How to complete this task - Within the listing, how many lines include "Time"? Please answer with a bare number.

Provided records -
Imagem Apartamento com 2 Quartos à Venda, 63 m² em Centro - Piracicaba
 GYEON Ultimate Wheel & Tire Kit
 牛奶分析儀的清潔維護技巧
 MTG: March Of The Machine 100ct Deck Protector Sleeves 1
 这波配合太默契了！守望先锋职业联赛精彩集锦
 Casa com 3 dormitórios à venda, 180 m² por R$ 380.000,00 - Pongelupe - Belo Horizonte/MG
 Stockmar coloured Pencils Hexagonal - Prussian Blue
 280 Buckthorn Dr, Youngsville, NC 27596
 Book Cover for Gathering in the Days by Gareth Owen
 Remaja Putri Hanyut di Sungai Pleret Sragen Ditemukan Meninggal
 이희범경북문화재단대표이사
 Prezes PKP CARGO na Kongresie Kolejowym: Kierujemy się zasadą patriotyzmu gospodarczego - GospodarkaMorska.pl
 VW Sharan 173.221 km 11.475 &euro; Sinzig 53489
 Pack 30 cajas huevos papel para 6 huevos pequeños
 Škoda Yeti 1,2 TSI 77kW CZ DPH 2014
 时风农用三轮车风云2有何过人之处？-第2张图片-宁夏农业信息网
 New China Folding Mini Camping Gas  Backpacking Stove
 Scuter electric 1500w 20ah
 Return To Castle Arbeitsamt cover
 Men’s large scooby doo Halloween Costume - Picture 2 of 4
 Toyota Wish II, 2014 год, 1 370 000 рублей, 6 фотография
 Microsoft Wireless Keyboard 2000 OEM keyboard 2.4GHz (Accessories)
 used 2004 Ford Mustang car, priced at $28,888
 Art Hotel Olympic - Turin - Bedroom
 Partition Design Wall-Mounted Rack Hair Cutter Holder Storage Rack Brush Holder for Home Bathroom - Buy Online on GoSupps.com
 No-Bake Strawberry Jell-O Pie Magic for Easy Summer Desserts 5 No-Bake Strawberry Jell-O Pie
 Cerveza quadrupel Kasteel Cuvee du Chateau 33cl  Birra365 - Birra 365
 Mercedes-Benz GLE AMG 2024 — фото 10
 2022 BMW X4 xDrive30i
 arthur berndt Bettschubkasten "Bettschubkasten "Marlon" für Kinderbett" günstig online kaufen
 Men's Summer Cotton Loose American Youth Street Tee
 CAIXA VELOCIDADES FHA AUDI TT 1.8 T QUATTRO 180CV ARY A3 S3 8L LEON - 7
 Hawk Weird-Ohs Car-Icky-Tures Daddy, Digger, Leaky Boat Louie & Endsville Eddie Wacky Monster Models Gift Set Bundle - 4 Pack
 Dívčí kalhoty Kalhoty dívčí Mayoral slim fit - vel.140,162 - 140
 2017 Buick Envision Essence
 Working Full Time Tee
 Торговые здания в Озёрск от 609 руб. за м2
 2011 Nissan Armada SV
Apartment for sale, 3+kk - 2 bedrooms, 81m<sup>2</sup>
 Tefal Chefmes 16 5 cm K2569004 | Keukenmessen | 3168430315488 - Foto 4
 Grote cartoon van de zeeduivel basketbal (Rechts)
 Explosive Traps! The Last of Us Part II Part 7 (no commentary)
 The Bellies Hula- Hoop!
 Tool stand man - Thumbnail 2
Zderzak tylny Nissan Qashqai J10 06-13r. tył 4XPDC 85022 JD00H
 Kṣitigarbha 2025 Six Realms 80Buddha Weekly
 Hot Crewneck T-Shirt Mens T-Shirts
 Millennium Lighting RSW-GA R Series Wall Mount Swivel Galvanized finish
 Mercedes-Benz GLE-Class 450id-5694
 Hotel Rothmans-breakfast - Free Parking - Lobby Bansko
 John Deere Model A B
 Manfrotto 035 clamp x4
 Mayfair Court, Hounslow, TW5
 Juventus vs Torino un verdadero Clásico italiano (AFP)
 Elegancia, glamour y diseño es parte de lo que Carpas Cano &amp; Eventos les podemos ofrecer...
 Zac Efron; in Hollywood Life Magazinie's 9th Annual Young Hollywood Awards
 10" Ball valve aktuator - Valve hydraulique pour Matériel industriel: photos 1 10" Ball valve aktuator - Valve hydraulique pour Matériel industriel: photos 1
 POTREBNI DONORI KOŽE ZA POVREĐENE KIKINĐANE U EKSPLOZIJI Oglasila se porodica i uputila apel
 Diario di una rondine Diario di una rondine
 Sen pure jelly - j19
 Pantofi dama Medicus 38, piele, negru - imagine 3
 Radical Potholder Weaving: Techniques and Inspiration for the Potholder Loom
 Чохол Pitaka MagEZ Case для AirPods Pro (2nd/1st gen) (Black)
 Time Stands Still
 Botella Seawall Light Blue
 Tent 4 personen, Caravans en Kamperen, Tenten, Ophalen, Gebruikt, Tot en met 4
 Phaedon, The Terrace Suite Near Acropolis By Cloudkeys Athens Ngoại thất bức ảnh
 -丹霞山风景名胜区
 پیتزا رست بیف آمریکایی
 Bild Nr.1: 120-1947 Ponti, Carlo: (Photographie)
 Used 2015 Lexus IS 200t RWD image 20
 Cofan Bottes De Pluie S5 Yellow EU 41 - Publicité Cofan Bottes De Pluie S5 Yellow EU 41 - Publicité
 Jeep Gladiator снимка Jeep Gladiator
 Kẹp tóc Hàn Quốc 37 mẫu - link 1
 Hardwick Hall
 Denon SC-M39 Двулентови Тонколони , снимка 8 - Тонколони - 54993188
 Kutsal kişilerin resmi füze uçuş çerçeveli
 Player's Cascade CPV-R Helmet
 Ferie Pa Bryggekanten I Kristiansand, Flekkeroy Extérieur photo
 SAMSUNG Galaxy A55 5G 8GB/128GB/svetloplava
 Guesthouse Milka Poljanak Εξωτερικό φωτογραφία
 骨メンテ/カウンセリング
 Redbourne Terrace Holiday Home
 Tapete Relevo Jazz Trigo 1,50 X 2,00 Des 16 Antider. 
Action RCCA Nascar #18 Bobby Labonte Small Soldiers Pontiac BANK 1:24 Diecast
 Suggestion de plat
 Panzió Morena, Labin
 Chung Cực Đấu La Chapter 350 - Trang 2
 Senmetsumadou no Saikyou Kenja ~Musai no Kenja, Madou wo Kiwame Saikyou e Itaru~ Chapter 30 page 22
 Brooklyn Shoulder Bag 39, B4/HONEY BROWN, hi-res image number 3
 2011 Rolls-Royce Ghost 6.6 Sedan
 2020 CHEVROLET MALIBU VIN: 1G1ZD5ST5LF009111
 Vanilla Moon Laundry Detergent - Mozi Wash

Your solution - 2